Federal authorities are continuing their investigation into the disgraced financier despite Epstein’s suicide in August in a Manhattan detention center where he was awaiting trial on sex trafficking charges
Andrew’s accuser, Virginia Roberts Giuffre, 36, has asserted that she was forced by Espstein to have sex with Andrew three times when she was just a teenager. On those occasions, Giuffre said, she met the prince in New York, the U.S. Virgin Islands and in London.
In an interview with the BBC last year, the prince said he had “no recollection of ever meeting this lady, none whatsoever.”
Lawyers representing some of Epstein’s other accusers have issued statements urging him to fully cooperate with American investigators as they look into Epstein’s alleged trafficking network and his possible associates.

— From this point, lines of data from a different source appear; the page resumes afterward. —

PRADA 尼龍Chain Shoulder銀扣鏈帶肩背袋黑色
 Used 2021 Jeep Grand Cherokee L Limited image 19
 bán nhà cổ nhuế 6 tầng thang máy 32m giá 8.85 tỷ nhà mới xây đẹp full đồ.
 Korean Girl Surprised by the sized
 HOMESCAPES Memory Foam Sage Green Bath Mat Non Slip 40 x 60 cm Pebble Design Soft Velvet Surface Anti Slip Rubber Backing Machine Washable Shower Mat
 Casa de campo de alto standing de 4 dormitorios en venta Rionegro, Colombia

“I urge Prince Andrew to contact the investigators for the U.S. Attorneys’ Office for the Southern District of New York and volunteer to be interviewed by them without conditions and without delay,” said Gloria Allred, who represents five accusers who are suing Epstein’s estate.
Spencer Kuvin, who has represented Epstein accusers in the past, has said Andrew should waive diplomatic immunity and subject himself to the jurisdiction of U.S. authorities.
“He should meet with federal investigators as soon as possible, under oath, and answer for his actions while he spent time with Epstein,” Kuvin said.
“The fact that he used the phrase ‘if required’ shows that he and counsel for the royal family are providing themselves a possible window to argue that compelling the prince’s attendance at a sworn interview could be argued is not ‘required,’ ” Kuvin said. “This is just another way to avoid his moral duty to place the victims first, over any personal relationships he may have.”